About 18 percent cited regrets involving romance. That was followed closely by regrets about family (16 percent), education (13 percent) and career (12 percent), finance (10 percent) and parenting (9 percent).

Women were more likely than men to have regrets about romantic or family relationships. About 44 percent of the regrets described by women were about relationship mistakes compared to 19 percent of men's.

But if men aren't fretting over past "relationship mistakes," what are they regretting? And why do women seem to be the ones who are more concerned with that specifically?

"It speaks to something psychologists have known for a long time. Women are typically charged with the role of maintaining and preserving relationships, so when things do go wrong, it's very spontaneous for women to think, 'I should have done it some other way,'" said senior study author Neal Roese, a psychologist and professor of marketing at Northwestern. "It's how men and women are raised in this culture."

Men, on the other hand, were more likely to have regrets about work or education — 34 percent compared to women's 26 percent, the study found.


Still, the results of this study state that Americans — not women specifically — are having difficulty getting over all of the things they didn't tell a loved one or the choices they made and now wish they hadn't.

So apart from beating the "women value personal relationships, men value professional relationships" dead horse, why is it that we can't let go of lost love?

"When people reflect on the past, which is what regret does, we ruminate about the things that didn't go well but we don't savor the good times," said Joseph Ferrari, a professor of psychology at DePaul University in Chicago. "We are much more impacted by the negative stuff."

And though regret can be painful, a life without regret isn't only near impossible, it would lack a fundamental emotion that spurs people to avoid future mistakes.

"Regret is an essential part of the human experience," Roese said. "You should listen to the lessons your regrets tell you, which is quite often how you could have done things differently or how you could change things."

Everyone makes mistakes, Ferrari added. "It's how you get up, and how you rebound, that matters," he said. "Instead of letting regret dominate life, savor what you do have, and what did go right . . . We need to look more in terms of our strengths, and not our weaknesses."

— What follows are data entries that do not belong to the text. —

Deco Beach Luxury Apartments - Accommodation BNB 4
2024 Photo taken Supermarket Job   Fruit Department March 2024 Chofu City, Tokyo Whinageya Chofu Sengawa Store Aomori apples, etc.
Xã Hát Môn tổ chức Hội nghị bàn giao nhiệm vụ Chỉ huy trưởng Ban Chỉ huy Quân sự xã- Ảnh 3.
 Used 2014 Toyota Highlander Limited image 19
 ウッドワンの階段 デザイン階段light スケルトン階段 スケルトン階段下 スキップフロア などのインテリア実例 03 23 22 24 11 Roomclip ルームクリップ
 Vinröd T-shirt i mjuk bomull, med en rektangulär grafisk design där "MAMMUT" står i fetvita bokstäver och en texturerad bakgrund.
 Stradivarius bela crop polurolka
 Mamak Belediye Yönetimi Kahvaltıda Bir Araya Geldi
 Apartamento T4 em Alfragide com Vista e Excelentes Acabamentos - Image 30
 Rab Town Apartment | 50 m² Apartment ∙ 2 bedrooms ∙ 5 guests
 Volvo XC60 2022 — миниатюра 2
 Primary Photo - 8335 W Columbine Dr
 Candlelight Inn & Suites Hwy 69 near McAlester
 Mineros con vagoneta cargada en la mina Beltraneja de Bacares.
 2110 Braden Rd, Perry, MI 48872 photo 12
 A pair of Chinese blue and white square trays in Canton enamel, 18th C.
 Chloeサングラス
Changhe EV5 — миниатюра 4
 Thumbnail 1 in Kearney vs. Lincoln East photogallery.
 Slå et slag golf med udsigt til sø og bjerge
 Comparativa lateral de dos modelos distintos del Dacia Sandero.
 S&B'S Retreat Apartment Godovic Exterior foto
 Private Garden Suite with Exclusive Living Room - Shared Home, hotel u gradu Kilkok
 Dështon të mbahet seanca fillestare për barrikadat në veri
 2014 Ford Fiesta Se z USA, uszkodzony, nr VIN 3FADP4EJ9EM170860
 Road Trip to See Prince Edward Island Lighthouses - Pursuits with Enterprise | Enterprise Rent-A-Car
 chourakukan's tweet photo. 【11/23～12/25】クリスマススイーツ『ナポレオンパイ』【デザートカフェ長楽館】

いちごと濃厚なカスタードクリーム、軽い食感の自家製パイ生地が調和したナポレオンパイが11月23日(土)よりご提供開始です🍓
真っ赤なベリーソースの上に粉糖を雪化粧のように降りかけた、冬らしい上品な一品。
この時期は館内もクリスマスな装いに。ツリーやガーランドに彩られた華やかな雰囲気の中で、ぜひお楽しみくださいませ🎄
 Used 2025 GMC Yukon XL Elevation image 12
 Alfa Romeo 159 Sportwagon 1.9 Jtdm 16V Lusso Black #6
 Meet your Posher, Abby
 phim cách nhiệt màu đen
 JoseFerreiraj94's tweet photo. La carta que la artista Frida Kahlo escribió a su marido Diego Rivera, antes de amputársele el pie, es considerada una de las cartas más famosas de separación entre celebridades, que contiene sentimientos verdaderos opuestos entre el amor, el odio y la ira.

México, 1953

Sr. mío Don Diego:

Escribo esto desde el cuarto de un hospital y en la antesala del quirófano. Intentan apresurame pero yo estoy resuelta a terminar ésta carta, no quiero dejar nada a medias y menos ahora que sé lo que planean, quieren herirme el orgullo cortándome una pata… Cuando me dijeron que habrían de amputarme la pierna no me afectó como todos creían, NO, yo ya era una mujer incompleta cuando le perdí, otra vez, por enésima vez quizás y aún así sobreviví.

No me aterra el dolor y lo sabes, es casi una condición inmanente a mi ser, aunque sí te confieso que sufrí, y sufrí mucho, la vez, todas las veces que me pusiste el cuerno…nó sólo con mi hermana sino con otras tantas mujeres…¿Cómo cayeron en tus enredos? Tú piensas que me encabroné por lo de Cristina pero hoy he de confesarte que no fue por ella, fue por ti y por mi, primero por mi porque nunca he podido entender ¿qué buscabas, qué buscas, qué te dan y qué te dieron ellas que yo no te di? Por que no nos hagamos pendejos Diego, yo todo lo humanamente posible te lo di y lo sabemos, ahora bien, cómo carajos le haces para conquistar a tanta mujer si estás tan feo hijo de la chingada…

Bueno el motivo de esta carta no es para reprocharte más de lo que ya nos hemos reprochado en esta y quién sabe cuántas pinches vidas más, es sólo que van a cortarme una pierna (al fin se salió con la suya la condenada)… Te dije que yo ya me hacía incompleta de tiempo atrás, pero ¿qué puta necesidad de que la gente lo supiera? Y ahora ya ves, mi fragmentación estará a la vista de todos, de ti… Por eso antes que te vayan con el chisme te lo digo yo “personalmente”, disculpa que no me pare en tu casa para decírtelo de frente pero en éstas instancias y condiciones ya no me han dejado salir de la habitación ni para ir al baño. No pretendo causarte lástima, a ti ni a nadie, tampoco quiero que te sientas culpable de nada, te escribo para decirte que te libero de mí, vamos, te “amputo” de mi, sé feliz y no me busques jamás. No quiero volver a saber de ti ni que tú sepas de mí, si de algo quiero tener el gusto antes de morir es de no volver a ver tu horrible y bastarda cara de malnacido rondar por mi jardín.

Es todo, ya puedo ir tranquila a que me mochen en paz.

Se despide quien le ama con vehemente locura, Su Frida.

Obviously, it'd be great if banishing romantic regret were this easy.

Imagine if every time you lost someone you cared for or had your heart broken, you were able to quickly remind yourself that it's for the best and that something better will come along. It's age-old advice as well as common sense to a degree, but it's not always easy to set these things aside as quickly as we'd like.


As someone who is pretty good at playing "what if" from time to time, I know the answer to "Why can't we just accept it and let it go?" isn't easy to locate, nor is there one specific universal answer.

If you'll allow me to get a little High Fidelity on you, do we love movies/songs/books about love working out in the end because we feel we didn't have the "happy ending" we thought we saw coming?


Or do we have a hard time seeing our endings as happy because we've seen too many movies — and as a result, some small part of us still hopes for an extra scene just after the credits where everything works out somehow, some way.

Study: When Americans think of regrets, love tops list [USAToday]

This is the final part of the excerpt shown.